2. **Kullback-Leibler Divergence (KL Divergence)**:
   $$
   \text{KL}(P || Q) = \sum_{i} P(i) \log \left( \frac{P(i)}{Q(i)} \right)
   $$
   - Measures how one probability distribution diverges from a second, expected probability distribution.

3. **Focal Loss**:
   $$
   \text{Focal Loss} = -\sum_{i=1}^{n} (1 - \hat{p}_{i})^\gamma \log(\hat{p}_{i})
   $$
   - Used to address class imbalance by focusing on hard-to-classify examples.

4. **Cosine Similarity Loss**:
   $$
   \text{Cosine Similarity Loss} = 1 - \cos(\theta) = 1 - \frac{A \cdot B}{\|A\| \|B\|}
   $$
   - Measures the cosine of the angle between two vectors, used in tasks like text similarity.

### For Sequence Models and Others:
1. **Connectionist Temporal Classification (CTC) Loss**:
   $$
   \text{CTC Loss} = -\log P(y|x)
   $$
   - Used in sequence modeling tasks where the alignment between input and output sequences is unknown (e.g., speech recognition).

2. **Earth Mover's Distance (Wasserstein Loss)**:
   $$
   W(p, q) = \inf_{\gamma \in \Pi(p, q)} \mathbb{E}_{(x,y) \sim \gamma} [ \|x - y\| ]
   $$
   - Measures the minimum cost of transforming one distribution into another, useful in generative models.

### For Ranking Problems:
1. **Pairwise Ranking Loss**:
  $$
   L = \sum_{i, j} \max(0, 1 - (s_i - s_j))
   $$
   - Used in ranking tasks where the goal is to order items correctly.
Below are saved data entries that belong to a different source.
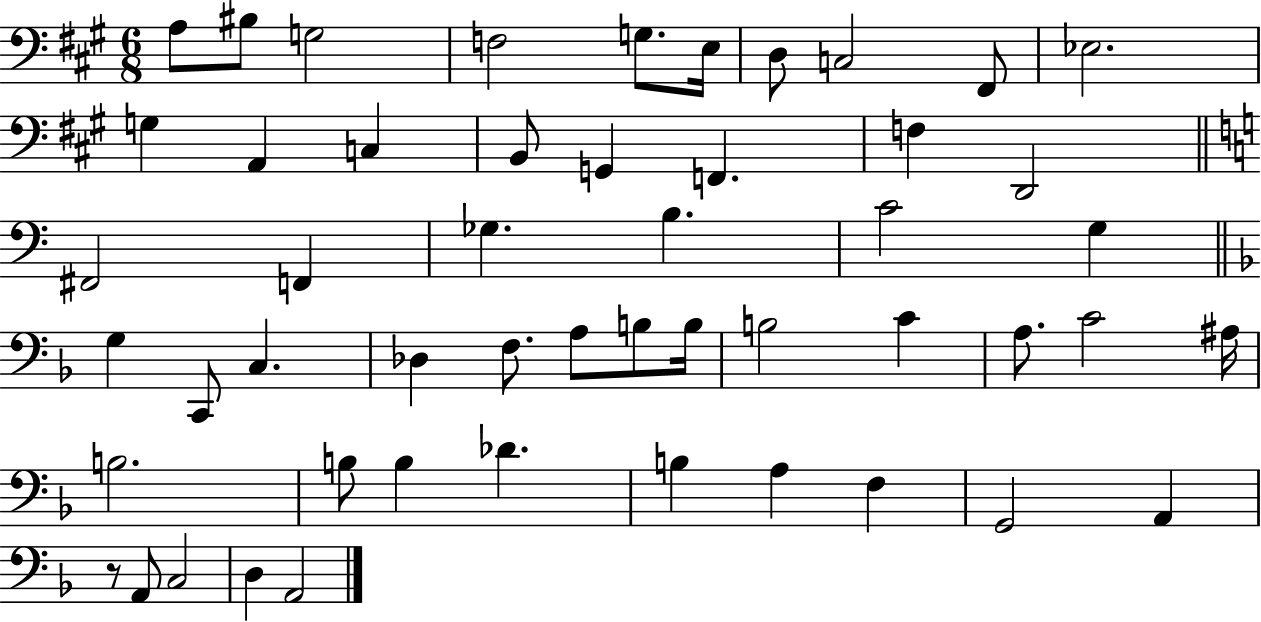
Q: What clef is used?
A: bass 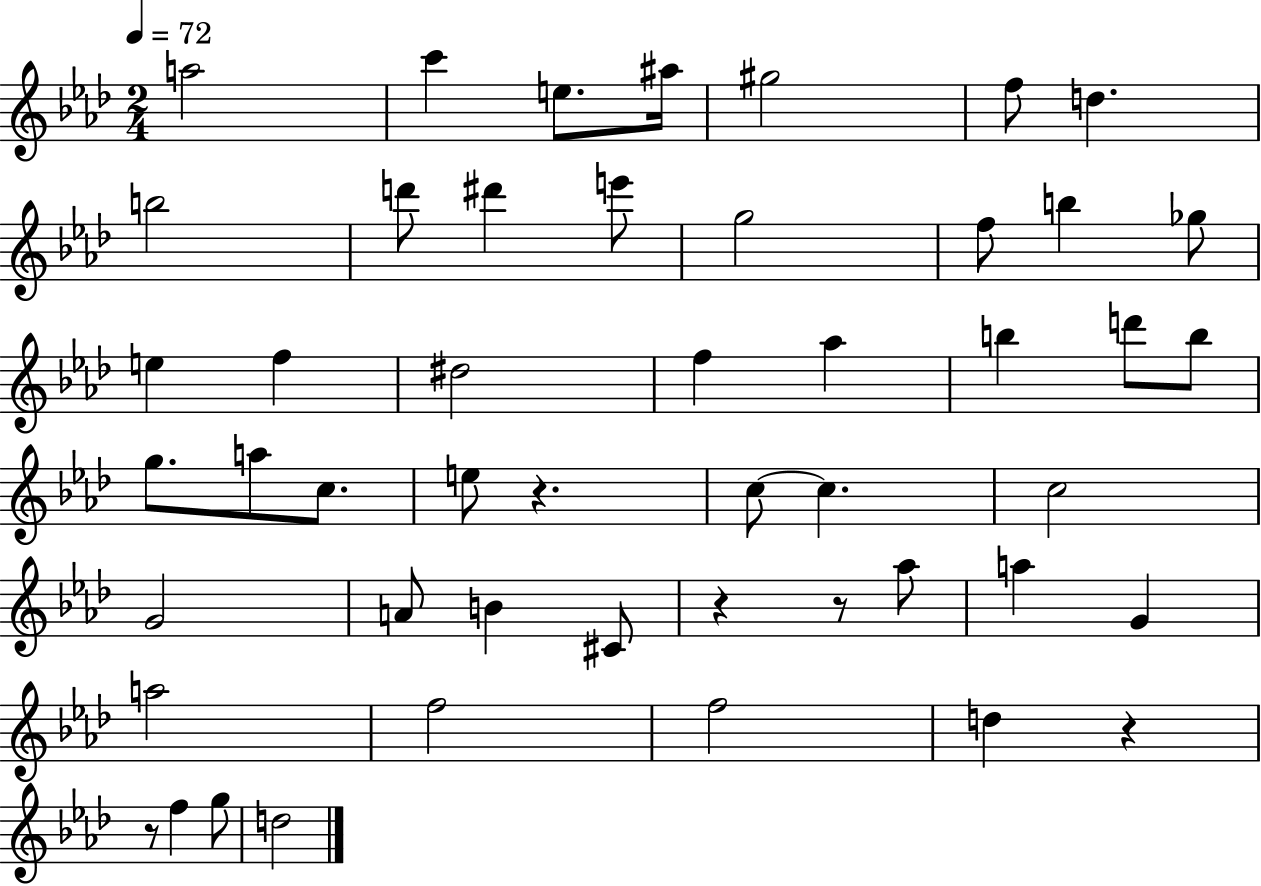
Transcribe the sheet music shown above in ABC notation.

X:1
T:Untitled
M:2/4
L:1/4
K:Ab
a2 c' e/2 ^a/4 ^g2 f/2 d b2 d'/2 ^d' e'/2 g2 f/2 b _g/2 e f ^d2 f _a b d'/2 b/2 g/2 a/2 c/2 e/2 z c/2 c c2 G2 A/2 B ^C/2 z z/2 _a/2 a G a2 f2 f2 d z z/2 f g/2 d2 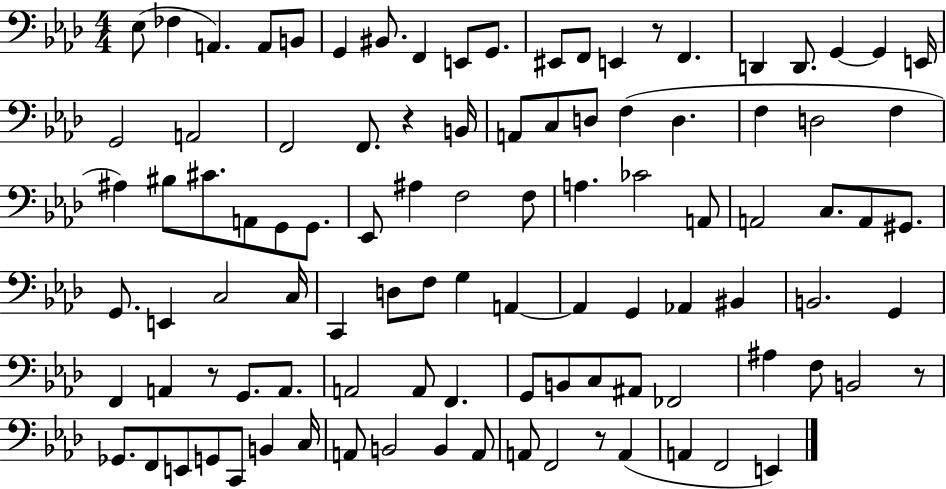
Eb3/e FES3/q A2/q. A2/e B2/e G2/q BIS2/e. F2/q E2/e G2/e. EIS2/e F2/e E2/q R/e F2/q. D2/q D2/e. G2/q G2/q E2/s G2/h A2/h F2/h F2/e. R/q B2/s A2/e C3/e D3/e F3/q D3/q. F3/q D3/h F3/q A#3/q BIS3/e C#4/e. A2/e G2/e G2/e. Eb2/e A#3/q F3/h F3/e A3/q. CES4/h A2/e A2/h C3/e. A2/e G#2/e. G2/e. E2/q C3/h C3/s C2/q D3/e F3/e G3/q A2/q A2/q G2/q Ab2/q BIS2/q B2/h. G2/q F2/q A2/q R/e G2/e. A2/e. A2/h A2/e F2/q. G2/e B2/e C3/e A#2/e FES2/h A#3/q F3/e B2/h R/e Gb2/e. F2/e E2/e G2/e C2/e B2/q C3/s A2/e B2/h B2/q A2/e A2/e F2/h R/e A2/q A2/q F2/h E2/q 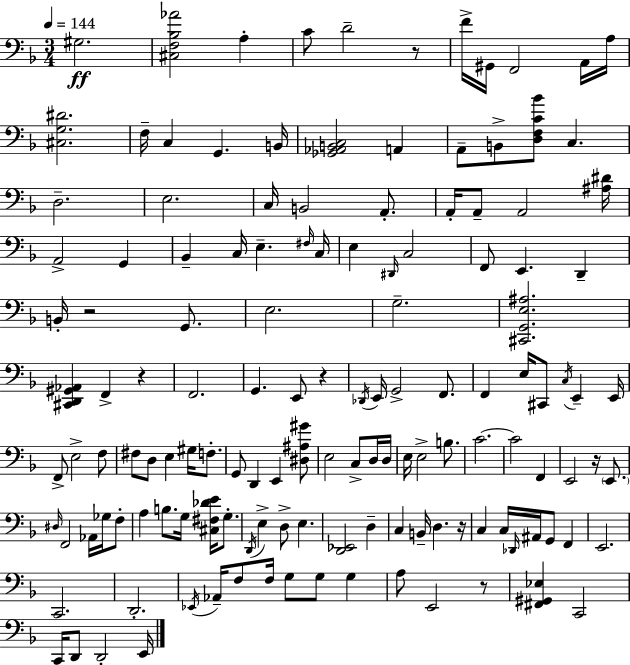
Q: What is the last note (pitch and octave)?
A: E2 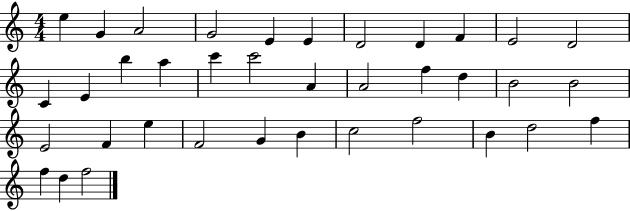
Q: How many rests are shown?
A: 0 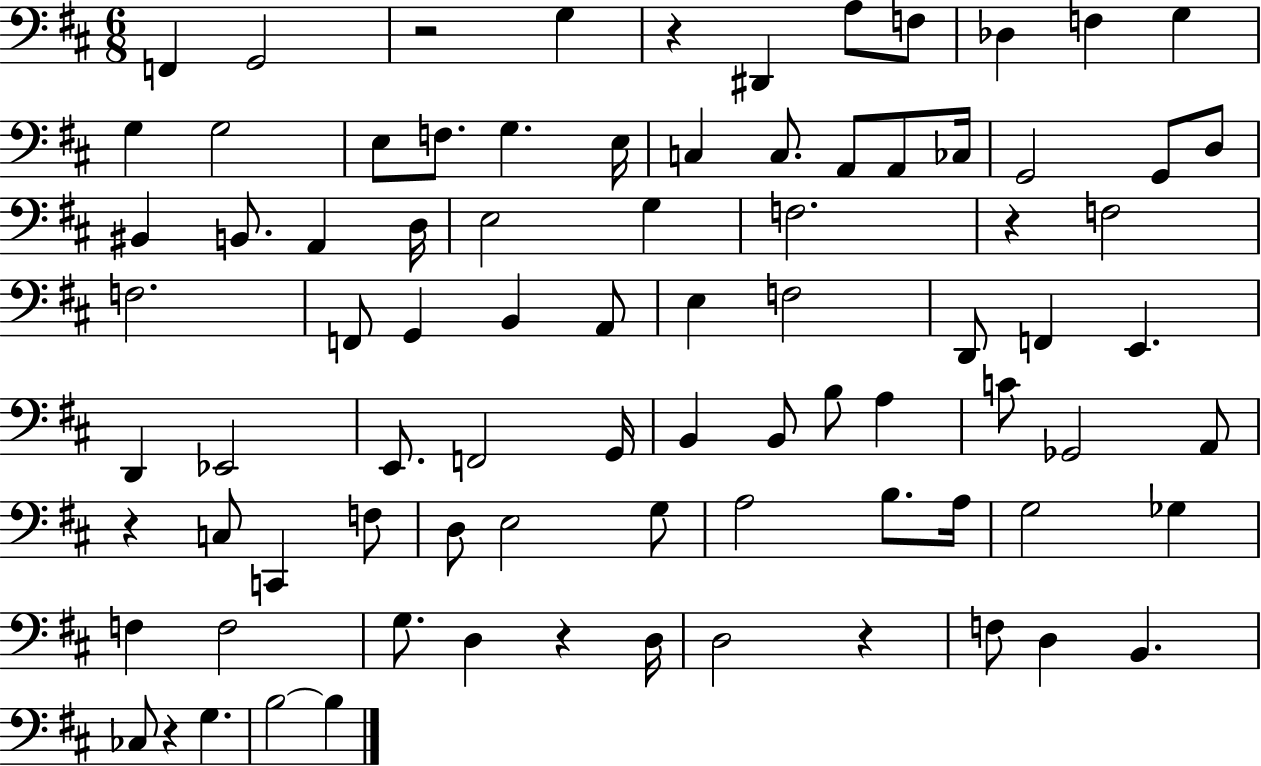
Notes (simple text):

F2/q G2/h R/h G3/q R/q D#2/q A3/e F3/e Db3/q F3/q G3/q G3/q G3/h E3/e F3/e. G3/q. E3/s C3/q C3/e. A2/e A2/e CES3/s G2/h G2/e D3/e BIS2/q B2/e. A2/q D3/s E3/h G3/q F3/h. R/q F3/h F3/h. F2/e G2/q B2/q A2/e E3/q F3/h D2/e F2/q E2/q. D2/q Eb2/h E2/e. F2/h G2/s B2/q B2/e B3/e A3/q C4/e Gb2/h A2/e R/q C3/e C2/q F3/e D3/e E3/h G3/e A3/h B3/e. A3/s G3/h Gb3/q F3/q F3/h G3/e. D3/q R/q D3/s D3/h R/q F3/e D3/q B2/q. CES3/e R/q G3/q. B3/h B3/q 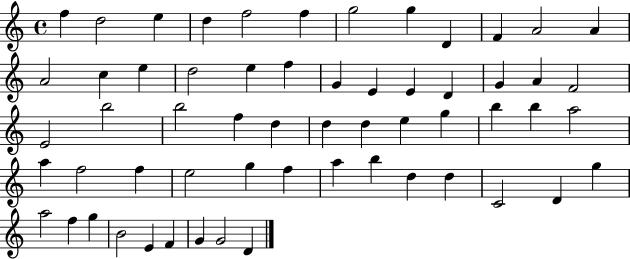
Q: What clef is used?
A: treble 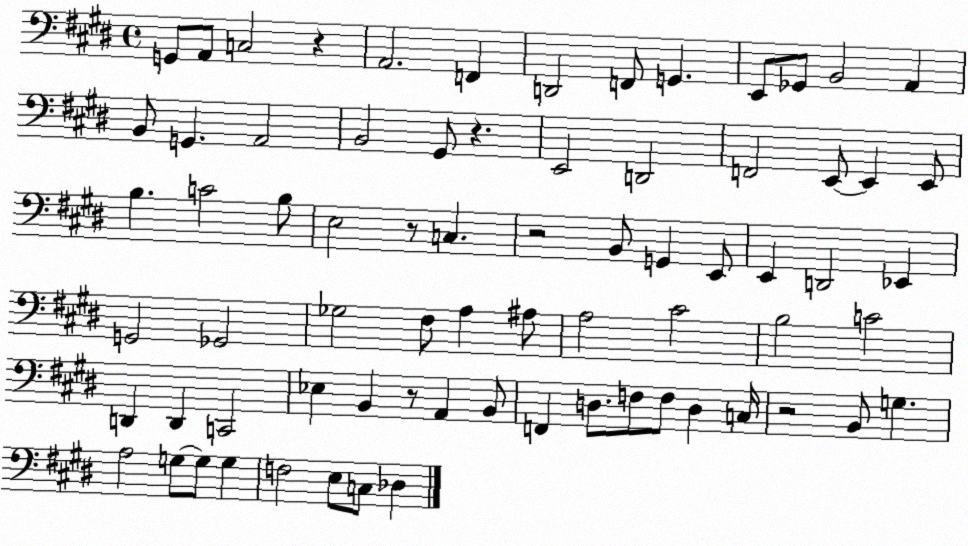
X:1
T:Untitled
M:4/4
L:1/4
K:E
G,,/2 A,,/2 C,2 z A,,2 F,, D,,2 F,,/2 G,, E,,/2 _G,,/2 B,,2 A,, B,,/2 G,, A,,2 B,,2 ^G,,/2 z E,,2 D,,2 F,,2 E,,/2 E,, E,,/2 B, C2 B,/2 E,2 z/2 C, z2 B,,/2 G,, E,,/2 E,, D,,2 _E,, G,,2 _G,,2 _G,2 ^F,/2 A, ^A,/2 A,2 ^C2 B,2 C2 D,, D,, C,,2 _E, B,, z/2 A,, B,,/2 F,, D,/2 F,/2 F,/2 D, C,/4 z2 B,,/2 G, A,2 G,/2 G,/2 G, F,2 E,/2 C,/2 _D,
2. **Listwise Loss (e.g., ListNet)**:
   $$
   L = - \sum_{i} P(y_i) \log(Q(y_i))
  $$
   - Used in learning to rank tasks, considering the entire list of items.

### Regularization Terms:
While not objective functions by themselves, regularization terms are often added to objective functions to prevent overfitting:

1. **L1 Regularization (Lasso)**:
   $$
   \text{L1} = \lambda \sum_{j=1}^{p} |w_j|
   $$
   - Encourages sparsity in the model parameters.

2. **L2 Regularization (Ridge)**:
   $$
   \text{L2} = \lambda \sum_{j=1}^{p} w_j^2
   $$
   - Encourages smaller model parameters, leading to simpler models.

### Conclusion:
The choice of objective function depends on the specific characteristics of the problem being solved, the type of data, and the desired properties of the solution. The objective functions mentioned above are just some of the many options available, each suited to different types of tasks and model requirements.